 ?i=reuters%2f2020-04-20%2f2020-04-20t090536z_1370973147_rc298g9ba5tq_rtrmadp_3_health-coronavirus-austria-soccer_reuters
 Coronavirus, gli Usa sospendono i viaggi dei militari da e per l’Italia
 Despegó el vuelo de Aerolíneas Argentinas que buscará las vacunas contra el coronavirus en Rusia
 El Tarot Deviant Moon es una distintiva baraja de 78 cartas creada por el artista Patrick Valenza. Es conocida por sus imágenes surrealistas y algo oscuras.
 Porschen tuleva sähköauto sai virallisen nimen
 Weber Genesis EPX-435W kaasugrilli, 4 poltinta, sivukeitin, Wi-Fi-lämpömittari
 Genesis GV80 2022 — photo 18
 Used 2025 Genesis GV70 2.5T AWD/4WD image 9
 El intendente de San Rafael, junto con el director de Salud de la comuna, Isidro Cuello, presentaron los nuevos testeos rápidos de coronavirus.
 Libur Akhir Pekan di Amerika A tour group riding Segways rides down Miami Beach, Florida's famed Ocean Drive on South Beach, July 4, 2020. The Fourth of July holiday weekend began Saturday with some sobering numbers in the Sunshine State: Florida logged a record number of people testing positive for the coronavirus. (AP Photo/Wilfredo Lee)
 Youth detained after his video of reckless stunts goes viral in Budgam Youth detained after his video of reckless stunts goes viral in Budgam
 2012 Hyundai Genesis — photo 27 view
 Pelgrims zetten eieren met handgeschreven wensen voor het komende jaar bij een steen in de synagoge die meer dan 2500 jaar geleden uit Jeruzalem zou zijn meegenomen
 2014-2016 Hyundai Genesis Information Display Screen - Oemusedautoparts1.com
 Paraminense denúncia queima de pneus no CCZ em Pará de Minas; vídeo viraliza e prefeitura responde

▶ [What the exercise asks] Search the records line by line for the word "Genesis" and copy every line where it appears.

▶ [Expected answer]
 Weber Genesis EPX-435W kaasugrilli, 4 poltinta, sivukeitin, Wi-Fi-lämpömittari
 Genesis GV80 2022 — photo 18
 Used 2025 Genesis GV70 2.5T AWD/4WD image 9
 2012 Hyundai Genesis — photo 27 view
 2014-2016 Hyundai Genesis Information Display Screen - Oemusedautoparts1.com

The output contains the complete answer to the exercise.